EndoFLIP system on track for First Quarter release to European Market
January 2009 – Crospon, a medical device developer based in Galway, Ireland today announced that its EndoFLIP® systemhas received CE Mark certification from the NSAI (National Standards Authority of Ireland), the Irish Notified Body, in accordance with the European Medical Device Directive.
Crospon Limited develops leading edge minimally invasive medical devices for monitoring, diagnosis and therapy in the gastroenterology area.
Commenting on the certification, John O’Dea, CEO Crospon Ltd, said, “Today’s announcement is an important step in the company’s development and ensures Crospon remains on schedule to release the EndoFLIP® system into the European market by the end of the first quarter of 2009.”
In December 2008, Crospon announced that it had completed an additional €500,000 funding round, following on from the completion of a €3m round of financing earlier that year. This additional funding will be primarily used for the completion of development, manufacturing startup and preparation to market of the EndoFLIP® system. EndoFLIP® is used to enhance diagnosis and assist in the surgical treatment of gastroesophageal reflux disorder (GERD). For further information please view www.endoflip.com. The EndoFLIP® system is the first is a range of products the company plans to bring to market.
CE Marking on a product is a manufacturer’s declaration that the product complies with the essential requirements of the relevant European health, safety and environmental protection legislation.
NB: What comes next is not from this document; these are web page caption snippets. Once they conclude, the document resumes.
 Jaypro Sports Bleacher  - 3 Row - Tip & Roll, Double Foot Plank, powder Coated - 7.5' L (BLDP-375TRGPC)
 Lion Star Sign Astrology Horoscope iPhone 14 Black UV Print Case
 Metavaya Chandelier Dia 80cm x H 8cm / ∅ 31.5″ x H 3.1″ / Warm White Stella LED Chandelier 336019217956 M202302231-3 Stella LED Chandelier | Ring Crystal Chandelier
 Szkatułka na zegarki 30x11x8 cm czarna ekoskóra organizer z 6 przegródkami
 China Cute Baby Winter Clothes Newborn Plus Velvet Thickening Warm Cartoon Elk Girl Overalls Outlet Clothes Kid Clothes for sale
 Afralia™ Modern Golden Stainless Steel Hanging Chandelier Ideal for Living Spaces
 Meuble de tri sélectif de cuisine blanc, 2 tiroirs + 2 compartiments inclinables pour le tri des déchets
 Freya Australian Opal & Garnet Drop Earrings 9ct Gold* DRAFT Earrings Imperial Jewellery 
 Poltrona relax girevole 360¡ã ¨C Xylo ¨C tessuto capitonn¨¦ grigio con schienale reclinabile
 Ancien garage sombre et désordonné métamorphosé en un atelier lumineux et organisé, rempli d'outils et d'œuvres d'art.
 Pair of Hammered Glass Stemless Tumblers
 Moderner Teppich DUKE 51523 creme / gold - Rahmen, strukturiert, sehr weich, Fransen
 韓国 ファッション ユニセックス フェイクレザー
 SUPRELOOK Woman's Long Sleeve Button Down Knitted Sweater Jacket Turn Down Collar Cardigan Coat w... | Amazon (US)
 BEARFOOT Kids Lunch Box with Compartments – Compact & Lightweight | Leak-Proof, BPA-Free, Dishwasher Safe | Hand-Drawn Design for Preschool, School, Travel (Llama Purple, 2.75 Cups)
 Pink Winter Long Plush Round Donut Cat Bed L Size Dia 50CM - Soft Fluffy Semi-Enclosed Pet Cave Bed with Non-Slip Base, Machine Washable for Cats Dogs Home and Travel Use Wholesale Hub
The Medical Devices Directives set out essential requirements to ensure that a medical device will not compromise the health and safety of the patient, user of any other person and that any risks associated with the device are compatible with patient health and protection.
Speaking at the launch of NSAI’s new two-year strategy document earlier this month, Maurice Buckley, Chief Executive of the NSAI emphasised the importance of recognised standards. “Gaining international certifications and standards such as the CE mark, can give Irish businesses a competitive advantage by providing assurance to global consumers that Irish goods or services are following the best international standards.”
For Further Information Please Contact
00353 1 498 0361 / 00353 87 6417451
Crospon, formed in 2006, is a medical device company focused on the monitoring and treatment of diabetes and gastroesophageal reflux disorder (GERD). Company co-founder and CEO, John O’Dea, previously co-founded Caradyne, a respiratory products company which was acquired by Respironics Inc in 2004.
Crospon recently won a Connaught Business Achievers Award for 2008 in the ‘Ones to Watch’ category and the company’s Smart Drug Delivery Patch in conjunction with HP was listed in Popular Science’s magazines annual “Best of What’s New” for 2008.